### DATA FOR PROCESSING
******
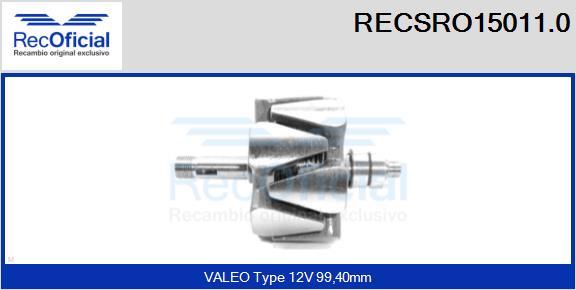 RECOFICIAL RECSRO15011.0 - Rotor, alternateur cwaw.fr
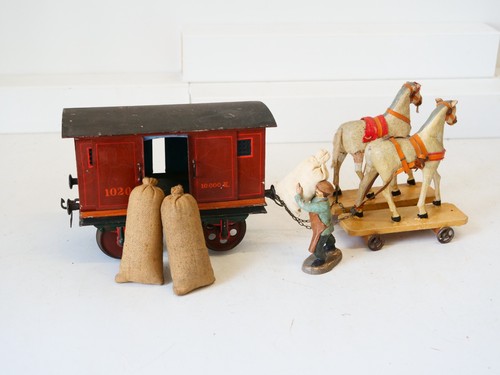Märklin gepäckwagen mit - gepäckwagen,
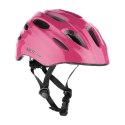 Różowy Kask dla Dziecka z LED Rozmiar XS (43-49 cm) - Wygodny i Bezpieczny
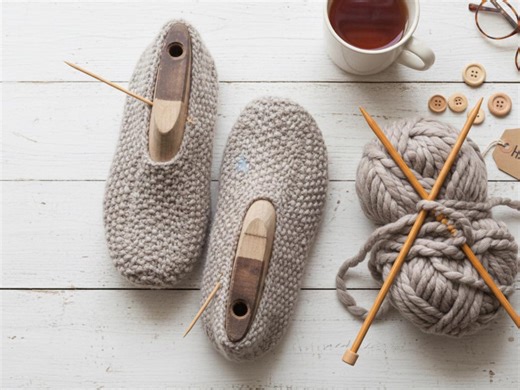 Easy Knit Slippers Pattern – Beginner-friendly Two-needle Knitting Pattern – Slipper Socks PDF Download – DIY Gift Idea - Etsy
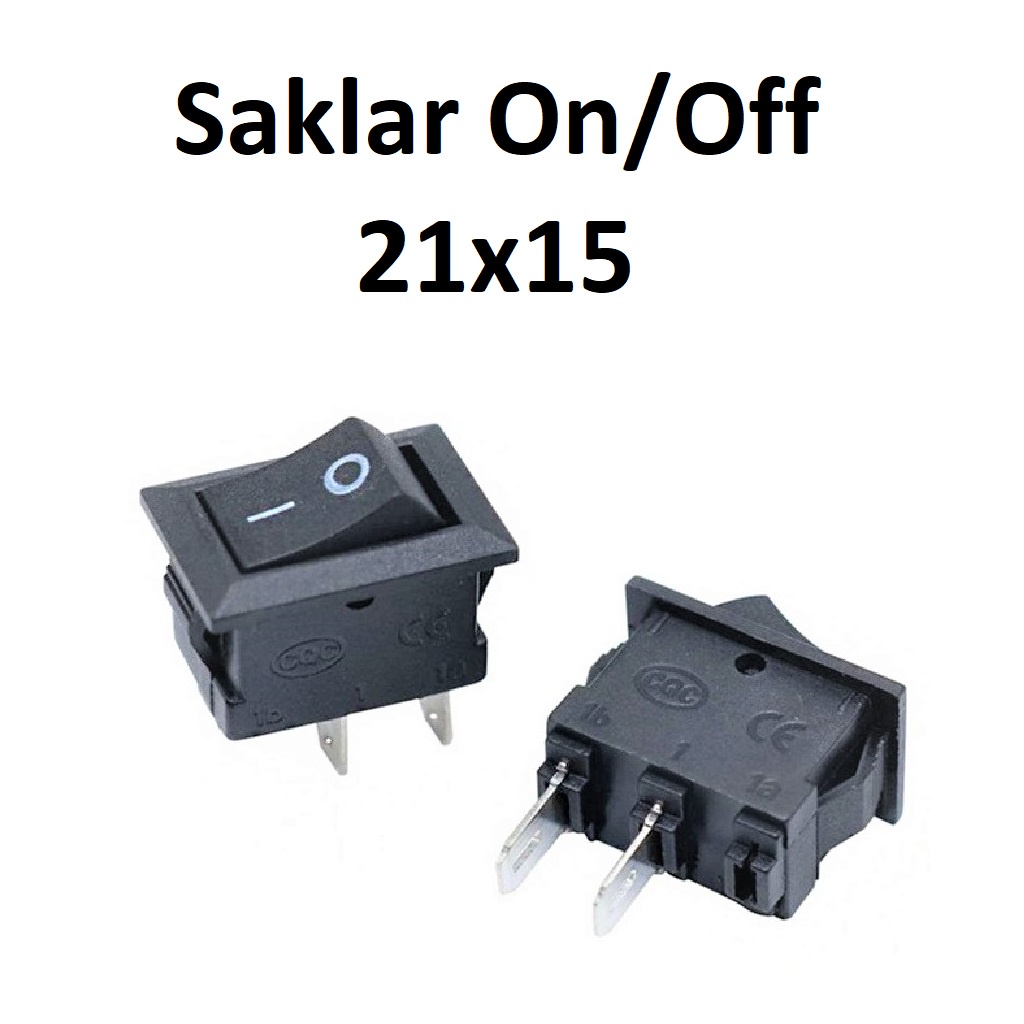 Jual Saklar On Off 21x15mm Hitam 2pin Switch Power 6A 250vAc10A 125vAC ...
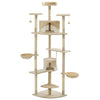 Vidaxl Cat Stracing Post avec sisal Scratch Posts 203 cm beige et blanc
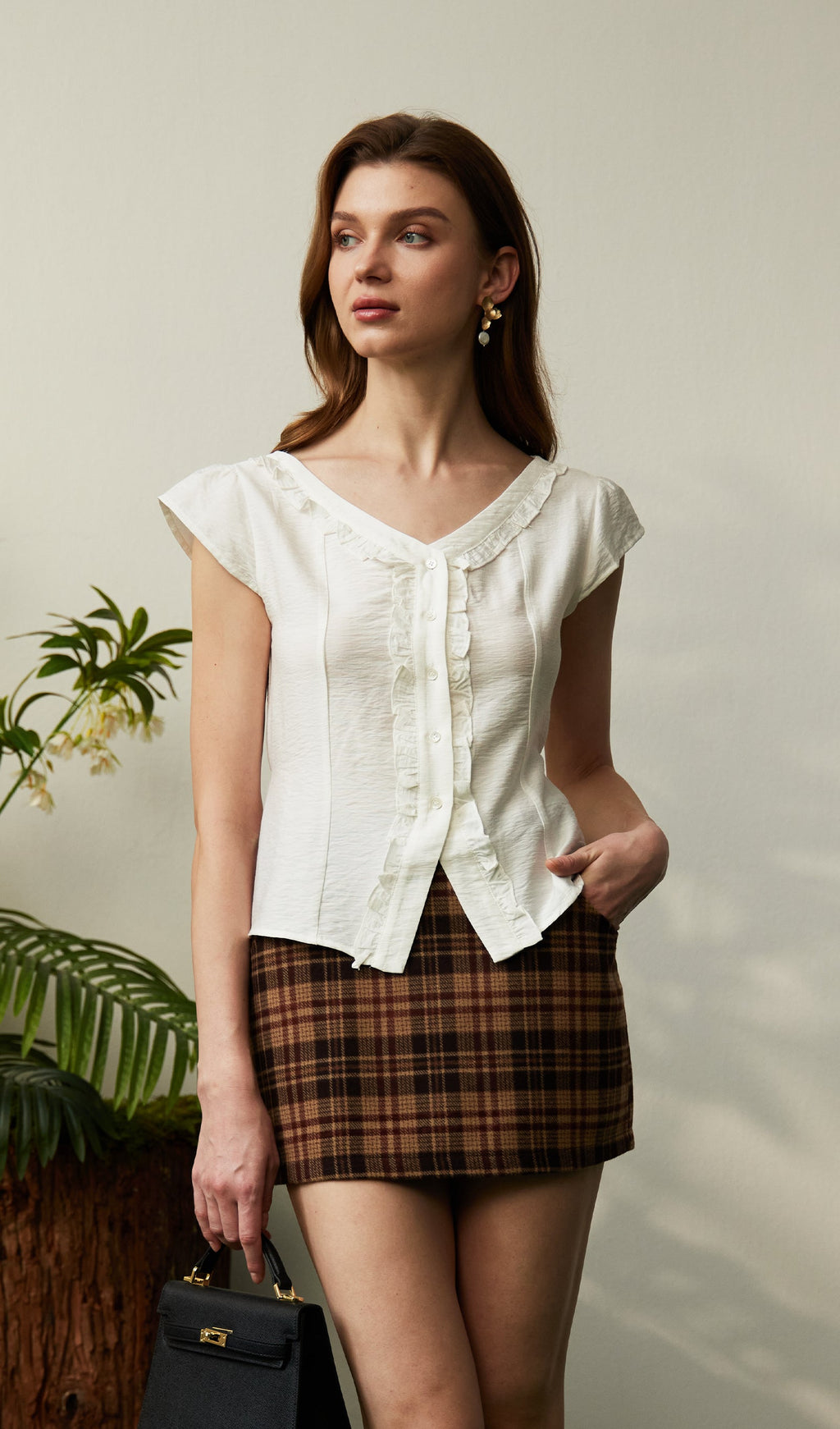 Ruffle Blouse Top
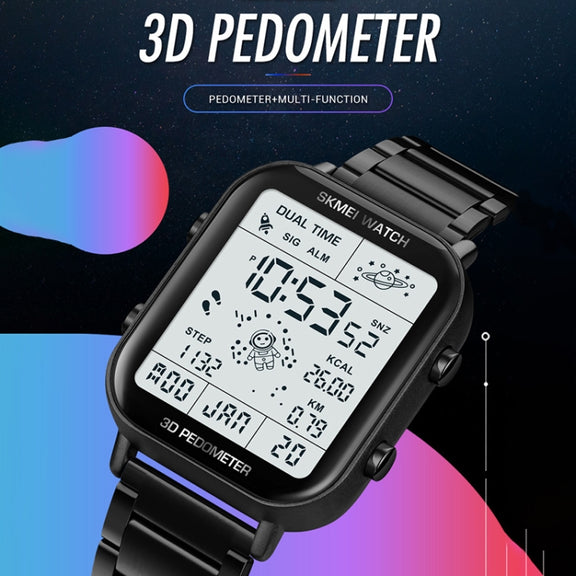 SKMEI 1888 Multifunctional Men 30M Water-resistant Sports Stainless Steel Digital Wrist Watch(Rose Gold)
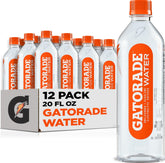 Gatorade botella frontal del pack de 12 mostrando diseño y practicidad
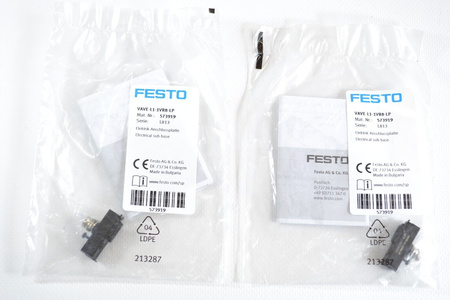 Festo VAVE-L1-1VR8-LP (573919) Electrical connection plate x 2 units New!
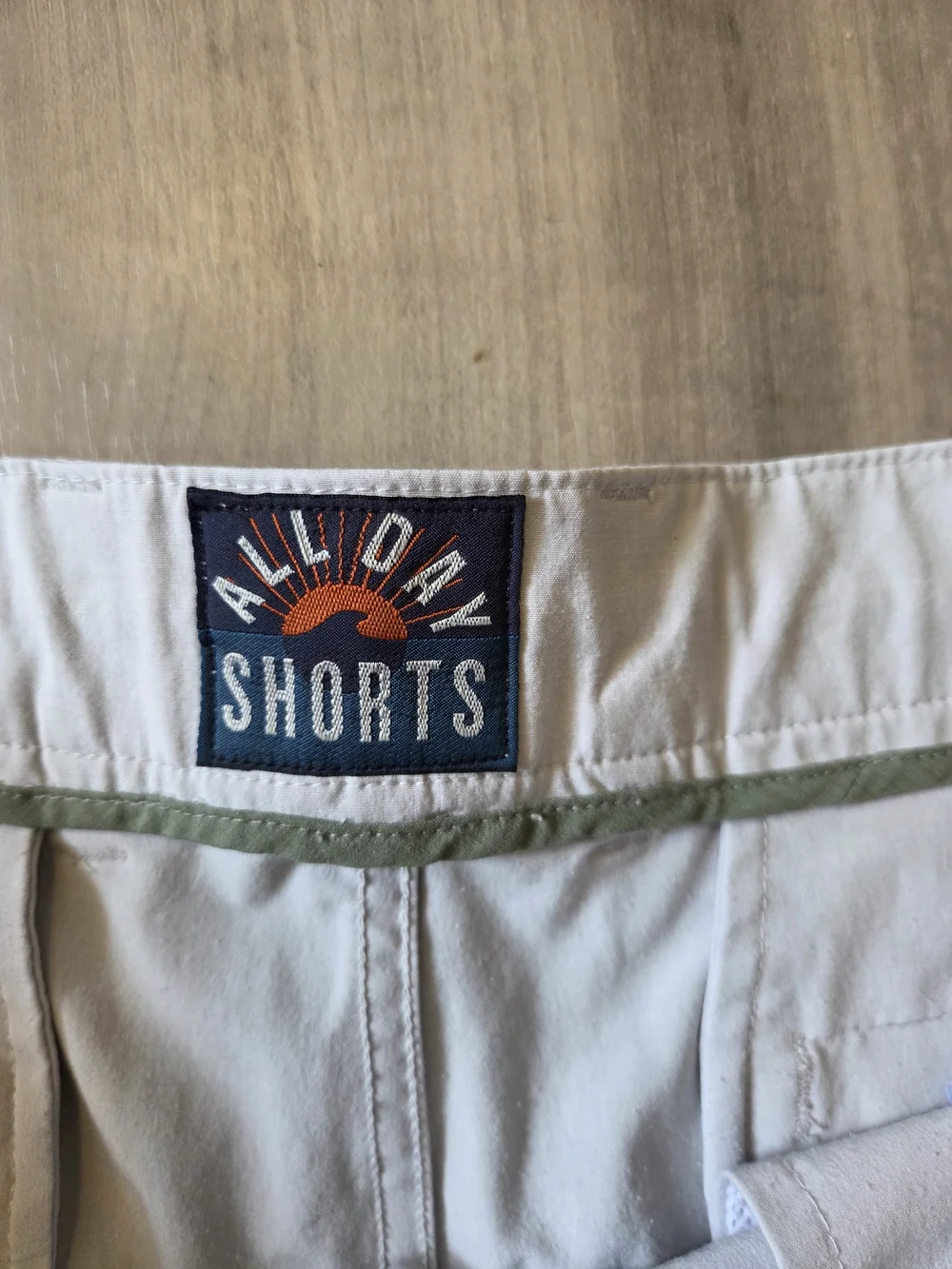 Faherty All-Day Flat-Front Chino Stone Shorts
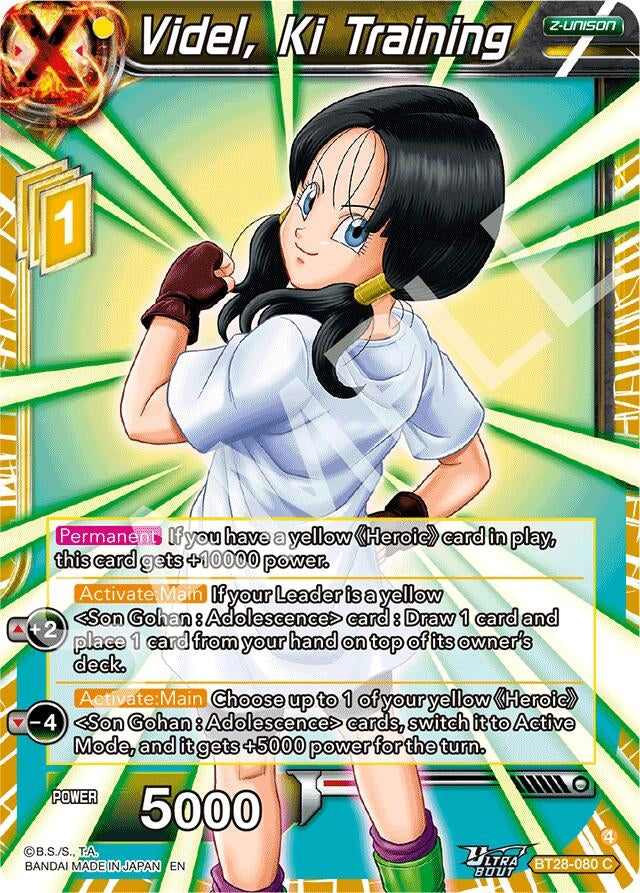 Image for Videl, Ki Training - Dragon Ball Super: Masters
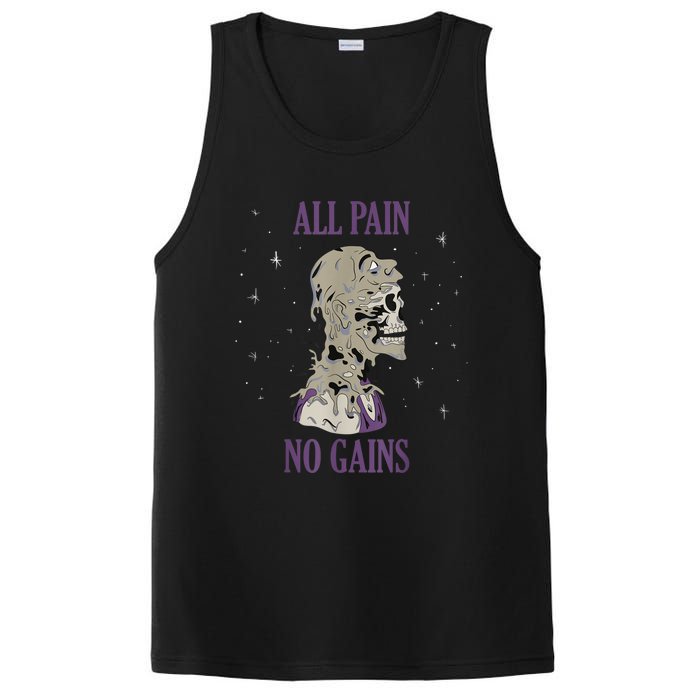 All Pain No Gains Weightlifting Gym Training Powerlifting PosiCharge Competitor Tank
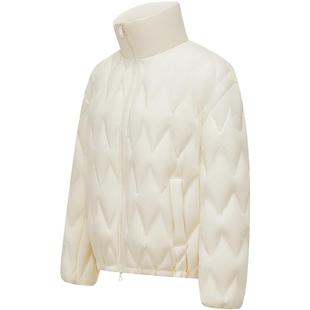 波司登25新款羽绒服正品女士时尚立领轻薄保暖短款外套压胶防钻绒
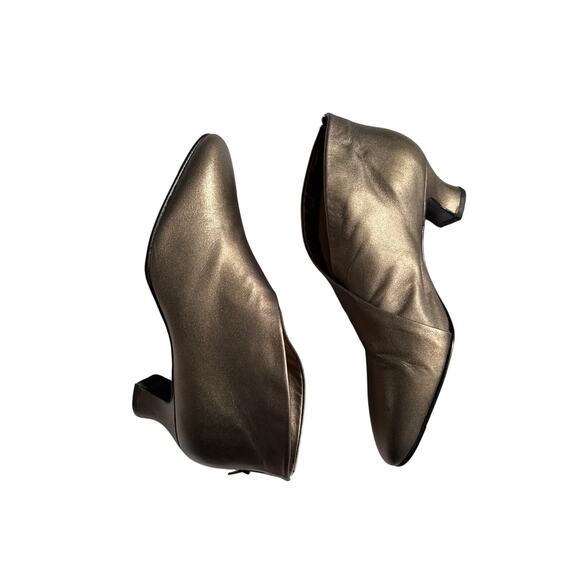 Enzo Angiolini Gold Heel Booties Clog Style Cosplay 8.5 - Picture 2 of 5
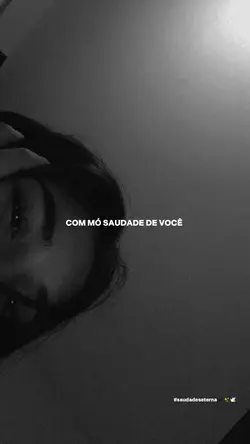 saudades de vc
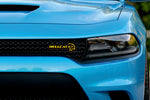 Load image into Gallery viewer, Chrysler Illuminated LED Radiator Grille Emblems and Badges with Hellcat + Hellcat Head logo Chrysler Led Emblems decoinfabri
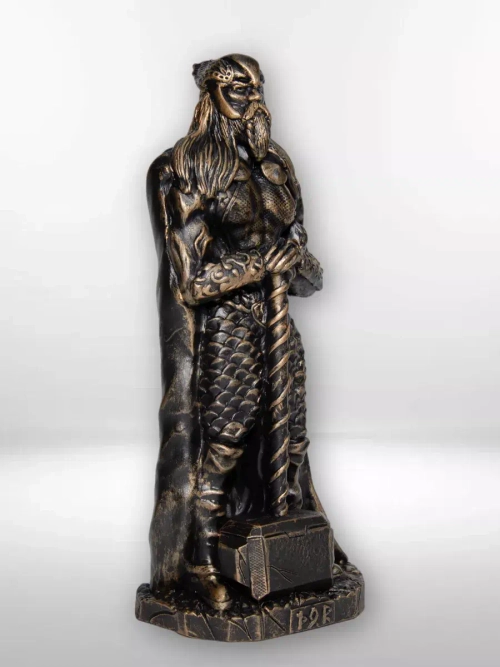 Коллекционная алтарная фигурка статуэтка скандинавский Бог Тор оберег для дома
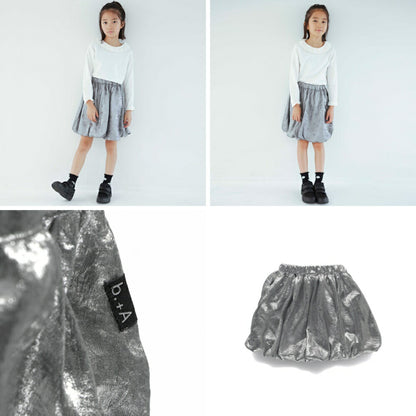 日本童裝 Branshes 【b.+A】金子綾 絲絨短裙 95-150m 女童款 冬季 SKIRTS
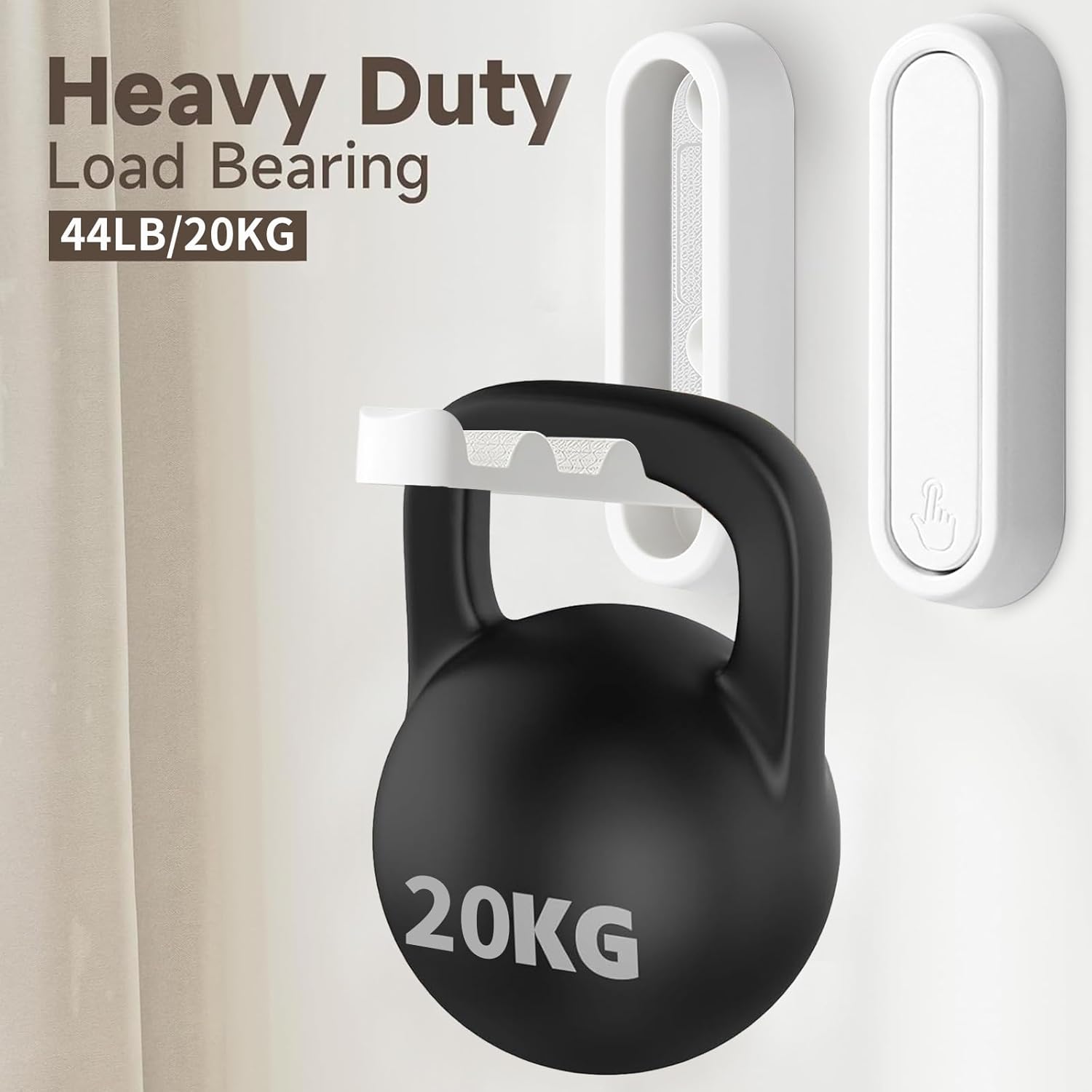 2Pcs Foldable Wall Hooks, Zinc Alloy Folding Hook White, Heavy Duty Folding Coat Hooks Wall Mounted for Hanging Coat Towels Bags Keys (White, 2 Pack) - Image 6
******
### ASSIGNED TASK
An exact copy is needed. It runs from the line above containing "Różowy Kask dla" down to the line containing "Image for Videl, Ki", both included, with no pictures.

### ANSWER SECTION
 Różowy Kask dla Dziecka z LED Rozmiar XS (43-49 cm) - Wygodny i Bezpieczny
 Easy Knit Slippers Pattern – Beginner-friendly Two-needle Knitting Pattern – Slipper Socks PDF Download – DIY Gift Idea - Etsy
 Jual Saklar On Off 21x15mm Hitam 2pin Switch Power 6A 250vAc10A 125vAC ...
 Vidaxl Cat Stracing Post avec sisal Scratch Posts 203 cm beige et blanc
 Ruffle Blouse Top
 SKMEI 1888 Multifunctional Men 30M Water-resistant Sports Stainless Steel Digital Wrist Watch(Rose Gold)
 Gatorade botella frontal del pack de 12 mostrando diseño y practicidad
 Festo VAVE-L1-1VR8-LP (573919) Electrical connection plate x 2 units New!
 Faherty All-Day Flat-Front Chino Stone Shorts
 Image for Videl, Ki Training - Dragon Ball Super: Masters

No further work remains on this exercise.